Another guest photo! Since Judy is taking a media arts class, she’s been using the camera to take some very fun shots, like this one of our kids plus a couple extra enjoying the trampoline.
The entire Old Testament can be summed up as a recurring cycle of creation, fall, redemption. It starts with the capital-C Creation: the first, tragic fall, and then the redemption promised by God in chapter 3. The cycle is repeated on big levels—the creation of the nation Israel, its refusal to enter the Promised Land, God’s raising up Joshua as a triumphant leader—and on individual levels–Abraham receives the promise of a son, he lacks trust and has Ishmael by Hagar, Isaac is miraculously conceived and born.
When you read large chunks of the OT at a time, you get the feel that God is constantly having to remind His people of His faithfulness. He recounts their history to them time and time again, through songs, through the speeches of prophets, through annual celebrations and feasts, through rituals and sacrifices. Over and over they are reminded that they failed, God disciplined, they cried out, and God redeemed. The message is this: trust Him so the cycle does not repeat.
Things change in the New Testament, as the biggest redemption story of all is told. Through Christ’s work on the cross, those trusting Him are redeemed for all time. No further sacrifice is needed.
Yet, on a smale scale, I still see the OT cycle in my own life. God creates new work in me, yet I become complacent or proud or angry or distant, and God must draw me near again.
Just like the Old Testament Israelites, I need constant reminders of God’s faithfulness so I don’t continue to repeat this cycle. Recently I read Psalm 78, one of those lo-o-o-ng reminder Psalms that reviews Israel’s history from Jacob to David, and it gave me the idea of reviewing my own history with God. I don’t have as much to look back on as the Israelites—or as much as the 70 and 80-something saints I’ve been interviewing lately for Wheaton Academy publications—but at age 42 I’ve had a good 25-plus years of walking with God, and He’s revealed Himself to me again and again.
So here’s the beginning of my own Psalm 78, starting when I was 16:
-When I was 16 I led a kids’ Sunday School class in a downtown federal housing project.
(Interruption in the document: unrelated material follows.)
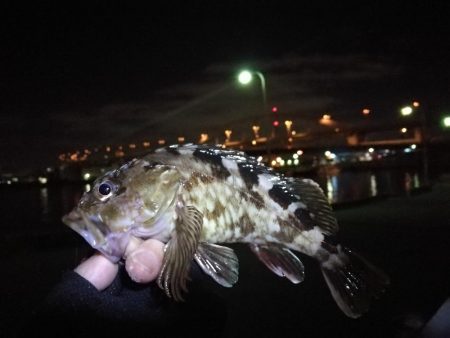 南港フェリーヘチ釣り （小キビレ、ガシラ 釣果）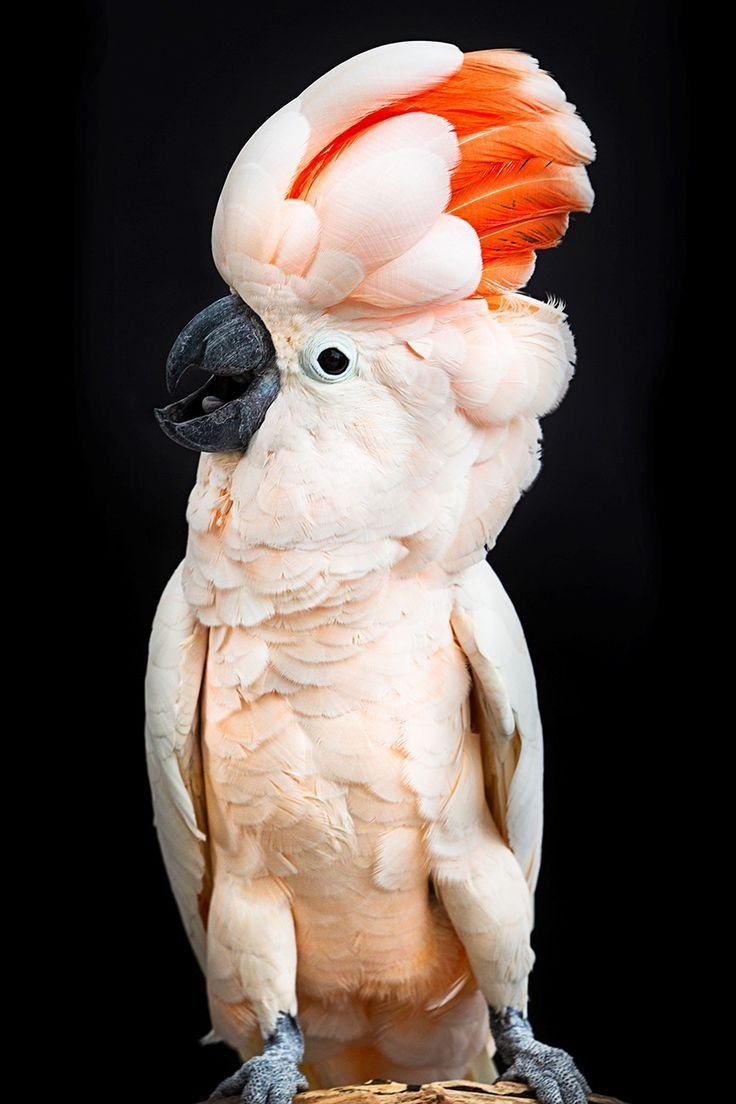 Titan – 2-Year-Old Male Moluccan Cockatoo | Hand-Raised Giant Companion - Image 2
One of the older kids from the project—his name was Peanut—was my guide, taking me safely through the project, telling me which sections not to enter as I gathered children each week. I remember praying as I walked, for my own safety and for the wellbeing of the kids who lived there. I knew the presence of God as I walked there.
-I was 17 when I first experienced a time when the Lord gave direct leading. I just knew I was supposed to go to Grace College, 11 hours from home, sight unseen, without knowing a single other person going there.
-Near the end of my junior year in college, Dave and I, engaged at the time, broke up after dating for 2 ½ years. I set my ring aside, spent a lot of time alone (he did, too), and came to a point at which I could truly say, “Lord, I love You first. To marry this guy or stay single—I’m waiting to hear from You.” Though that was a difficult time, it was truly a sweet time—maybe the first time I can remember losing a sense of time and place with the joy of fellowshipping with God.
-My first teaching job at a public middle school in Warsaw, Indiana, the tiny, misfit youth group Dave and I started during those years, the mission trip we took together to Argentina—there are so many ways I remember God leading and directing and teaching me during these years.
-In 1998 we knew we were supposed to go—somewhere. I remember filling out the application for overseas teaching and looking at this question: Are you willing to go anywhere God wants you to go? Well, what do you say to that? I originally wanted to go to a Spanish-speaking country, but God made it very clear we were supposed to go to Okinawa, Japan.
-When I went to the doctor in Okinawa to confirm my first pregnancy, he looked at the ultrasound and counseled Dave and I to expect a miscarriage. Separately we were both given the same verse to hold onto—“You keep him in perfect peace whose mind is stayed on you, because he trusts you”—and we went back to the next doctor visit sure that, no matter what the outcome of the visit, God would give us peace and comfort. Emily is the result of that pregnancy!
-We returned in 2000 and went through a difficult time of doubting that we were supposed to be back in the States. God reassured me so abundantly of His love during that time that I began to rethink how I viewed God, comparing my thoughts of Him with the way He is revealed throughout Scripture and in the person of Christ, learning to think “rightly” of Him.
I’ll pause here so the blog entry doesn’t run too long—maybe part two will be my next entry. Writing this has been a wonderful reminder to me that God has revealed Himself to me over and over—and these are just the “big” ways; there are too many small things to include in between all the “big.” Maybe you want to write your own Psalm 78—or if you don’t feel that you can, ask God to help you see the ways He is working in your life.
Thanks for reading—hope it was helpful.
Jen
Thanks for sharing your story to remind all of us how personally God has led us. We see this as we look back to remember our Lord God’s faithfulness to us just as you did. Our God is faithful, indeed!